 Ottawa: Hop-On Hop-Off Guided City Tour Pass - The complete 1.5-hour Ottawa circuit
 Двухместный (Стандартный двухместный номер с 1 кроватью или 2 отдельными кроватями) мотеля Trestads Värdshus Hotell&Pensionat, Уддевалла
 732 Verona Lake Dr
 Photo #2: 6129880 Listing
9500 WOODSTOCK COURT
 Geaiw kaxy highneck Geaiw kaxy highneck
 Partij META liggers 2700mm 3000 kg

------

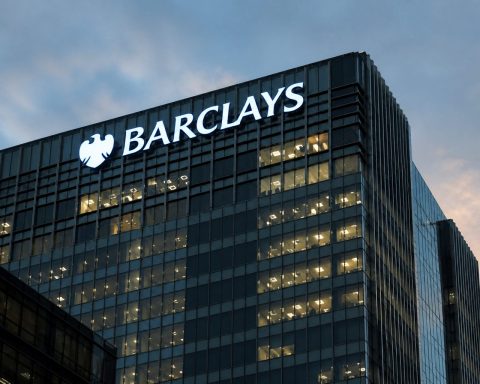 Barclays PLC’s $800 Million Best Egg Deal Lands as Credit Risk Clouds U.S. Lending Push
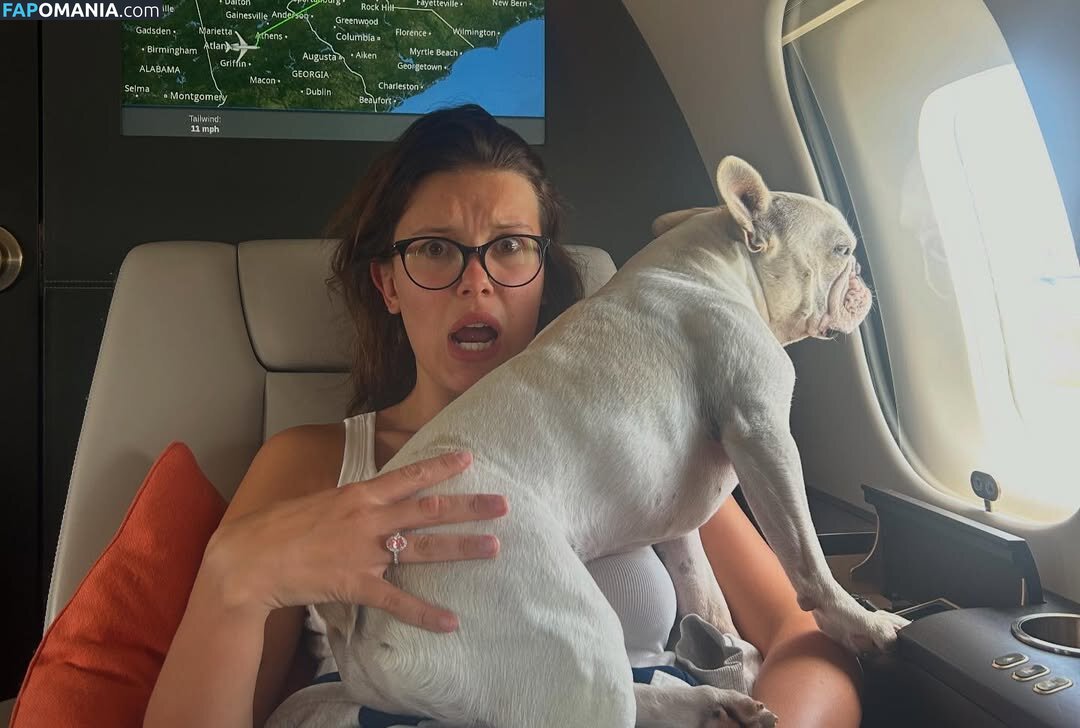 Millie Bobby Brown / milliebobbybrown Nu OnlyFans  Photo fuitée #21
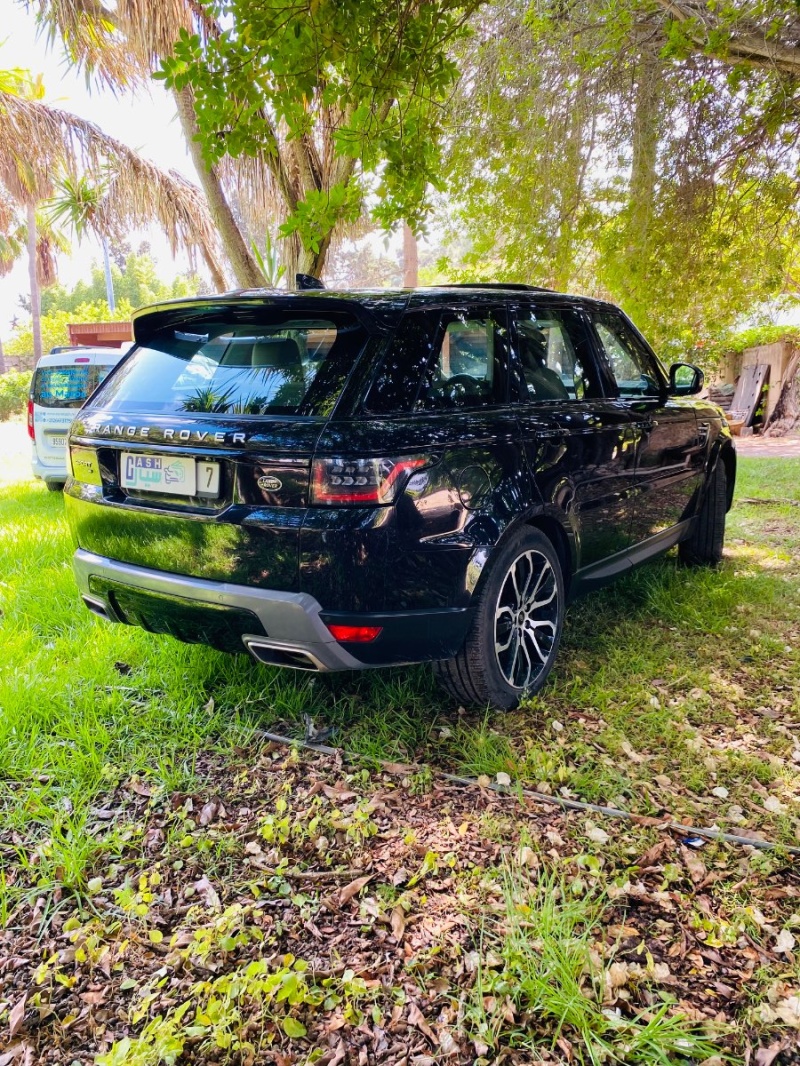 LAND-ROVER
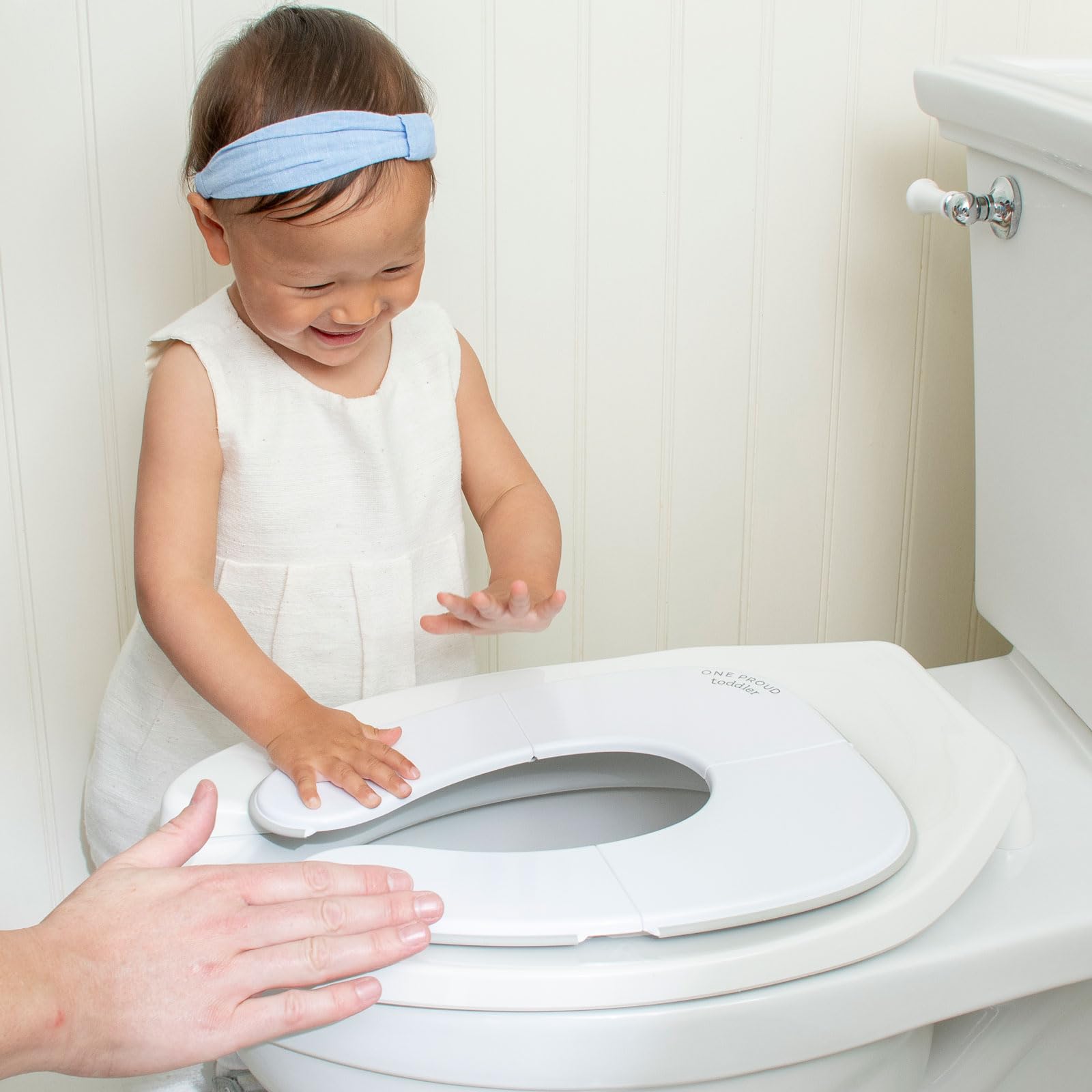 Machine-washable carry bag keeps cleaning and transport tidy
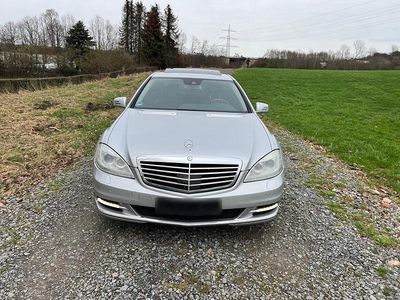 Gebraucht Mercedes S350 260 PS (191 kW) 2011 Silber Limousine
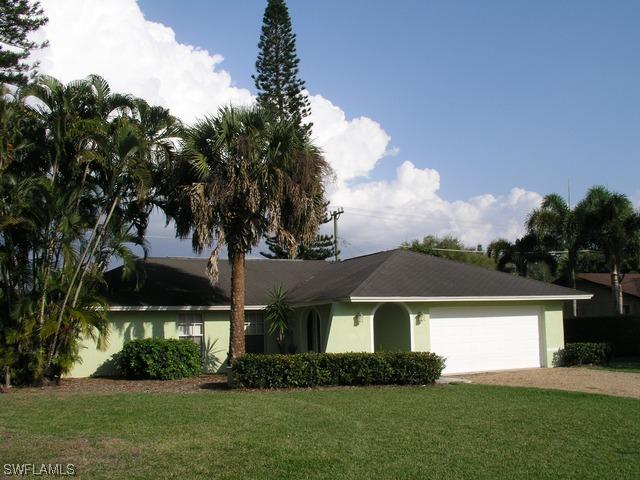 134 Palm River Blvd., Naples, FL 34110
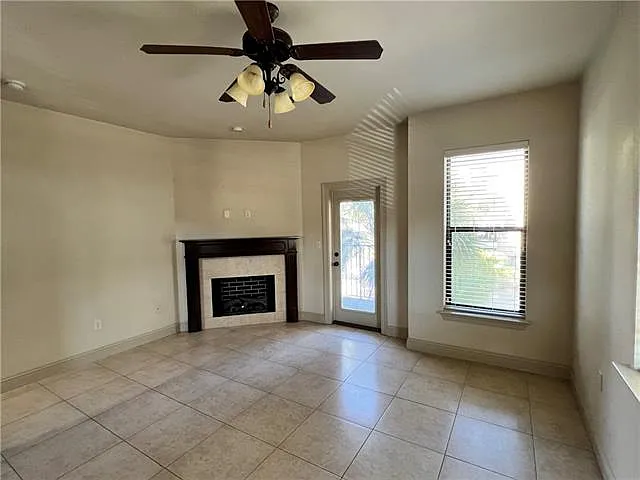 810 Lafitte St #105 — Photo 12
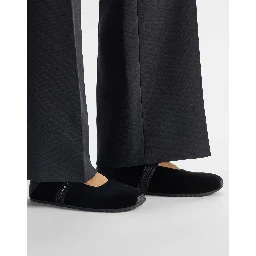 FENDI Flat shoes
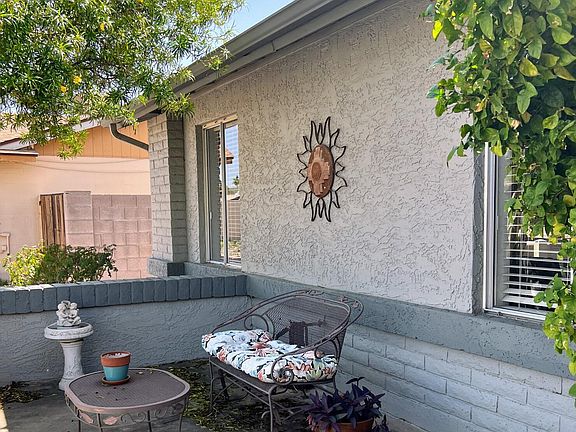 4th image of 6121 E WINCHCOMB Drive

------

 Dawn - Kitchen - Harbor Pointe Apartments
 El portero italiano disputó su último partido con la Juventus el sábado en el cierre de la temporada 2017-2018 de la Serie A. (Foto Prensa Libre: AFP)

------

* TASK TO COMPLETE:
Find the line with "Machine-washable carry bag" in the data above, and from there retype each line exactly through the line with "4th image of 6121 E WINCHCOMB Drive", skipping the pictures along the way.

* SOLUTION TO THIS TASK:
 Machine-washable carry bag keeps cleaning and transport tidy
 Gebraucht Mercedes S350 260 PS (191 kW) 2011 Silber Limousine
 134 Palm River Blvd., Naples, FL 34110
 810 Lafitte St #105 — Photo 12
 FENDI Flat shoes
 4th image of 6121 E WINCHCOMB Drive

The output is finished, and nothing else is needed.